A. Kaitan Politik Hukum Dalam Profesi Jabatan Notaris

Politik adalah kegiatan dalam suatu usaha politik atau negara yang

menyangkut proses penentuan tujuan dari sistem tersebut dan bagaimana

melaksanakan tujuannya. Sementara itu, hukum adalah peraturan-peraturan

yang dibuat oleh badan yang berwenang yang berisi perintah ataupun larangan

untuk mengatur tingkah laku manusia guna mencapai keadilan, keseimbangan

dan keselarasan dalam hidup.

Politik hukum adalah aspek-aspek politis yang melatar belakangi

proses pembentukan hukum dan kebijakan suatu bidang tertentu, sekaligus

juga akan sangat mempengaruhi kinerja lembaga-lembaga pemerintahan yang

terkait dalam bidang tersebut dalam mengaplikasikan ketentuan-ketentuan

produk hukum dan kebijakan, dan juga menentukan kebijakan-kebijakan

lembaga-lembaga tersebut dalam tatanan praktis dan operasional.
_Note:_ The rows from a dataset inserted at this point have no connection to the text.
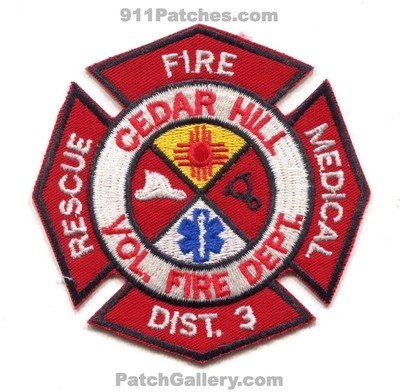 Cedar Hill Volunteer Fire Department District 3 Patch (New Mexico)
Scan By: PatchGallery.com
Keywords: vol. dept. rescue medical dist. number no. #3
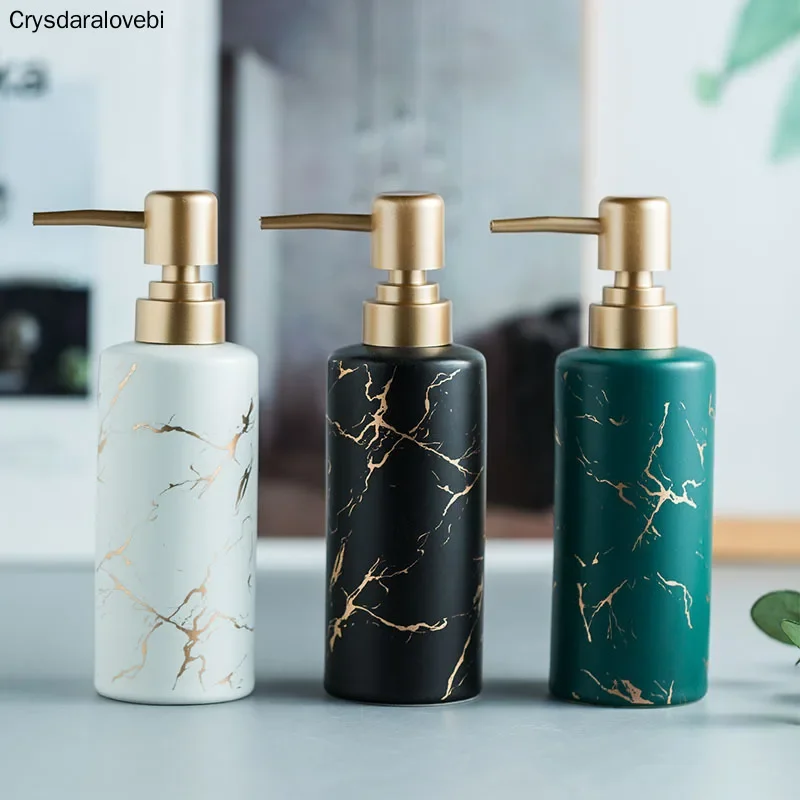 Marble Texture Ceramic Lotion Bottle Liquid Soap Dispenser Bathroom Sub-bottling Shampoo Shower Gel Hand Sanitizer Ceramic Bottl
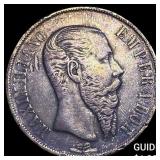1866 Mexico Maximilian I Silver 1 Peso NEARLY UNCI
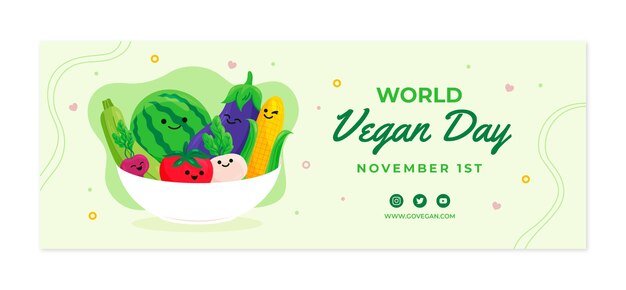 Kostenloser Vektor flat world vegan day social media cover vorlage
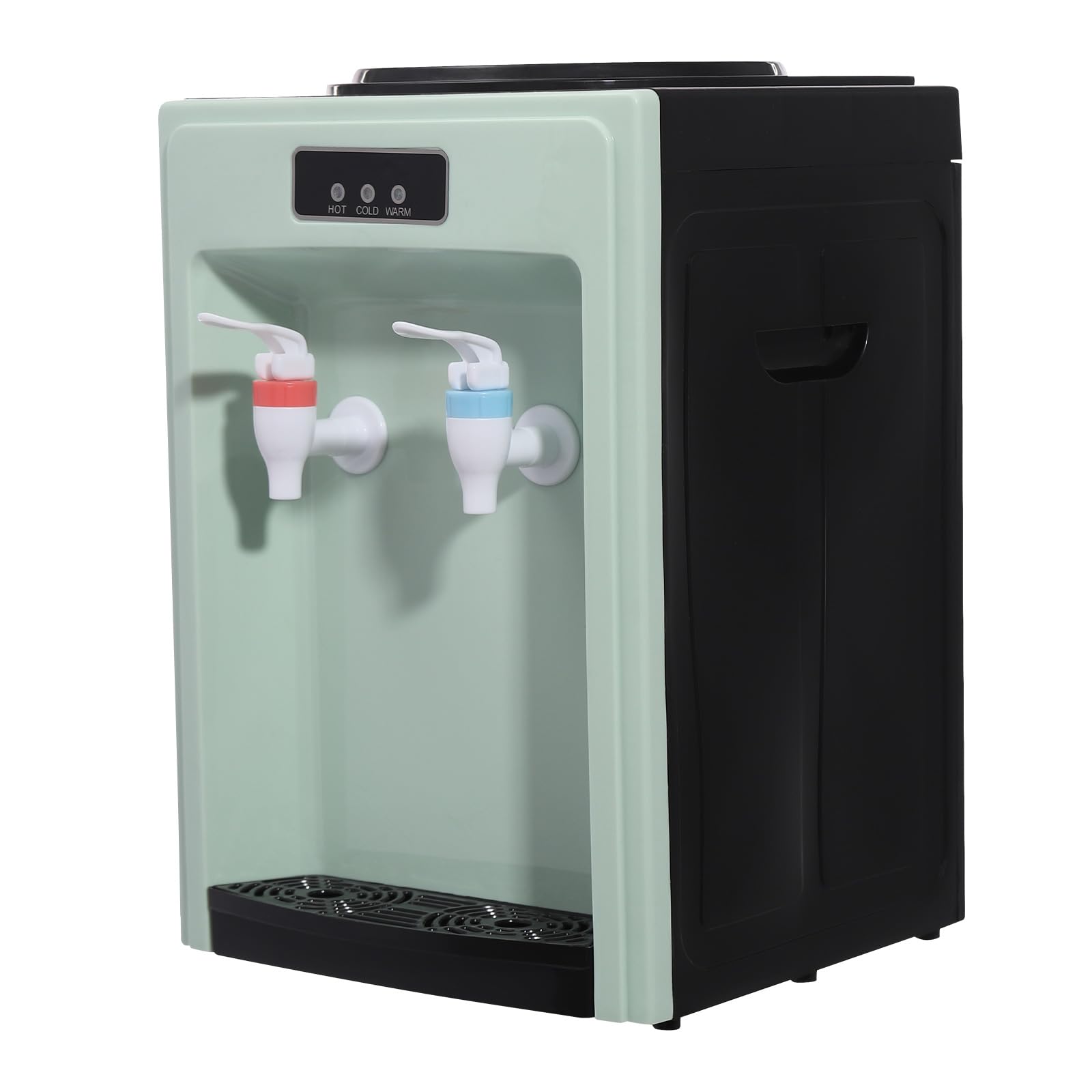 Dispensador de agua caliente eléctrico, 24 x 24 x 36 cm, cubo aplicable de 4,5 a 18,9 L, agua caliente/fría, doble caño, diseño de entrada de agua, dispensador de agua caliente y fría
Politik hukum merupakan pilihan tentang hukum-hukum yang akan

dicabut atau tidak diberlakukan yang kesemuanya dimaksudkan untuk

mencapai tujuan negara seperti yang tercantum di dalam pembukaan Undang-

Undang Dasar 1945.


Satu tujuan politik hukum Indonesia adalah adanya penegasan pada

keberadaan notaris sebagai salah satu pelaksana hukum, berarti notaris

penegasan fungsi lembaga penegak atau pelaksana hukum dan pembinaan

anggotanya. Dan salah satu pelaksana hukum itu sendiri adalah notaris.

Dengan telah mendapat hak yang legal untuk menangani perhubungan hukum

antar masyarakat. Selain itu, akta yang dibuat oleh notaris merupakan suatu

produk hukum yang diakui kebenarannya, yaitu suatu produk yang lahir oleh

kebijakan politik hukum.

B. Status Hukum Seorang Notaris yang Menjadi Anggota Dewan

Perwakilan Rakyat

Jabatan notaris merupakan suatu lembaga yang diciptakan oleh negara

yang baik kewenangan atau materi muatannya tidak berdasarkan pada

peraturan perundang-undangan, delegasi atau mandat, melainkan berdasarkan

wewenang yang timbul dari freis ermessen yang dilekatkan pada administrasi

negara untuk mewujudkan suatu tujuan yang dibenarkan oleh hukum. Profesi

notaris disebut juga sebagai salah satu penegak hukum karena notaris

membuat alat bukti tertulis yang mempunyai kekuatan pembuktian.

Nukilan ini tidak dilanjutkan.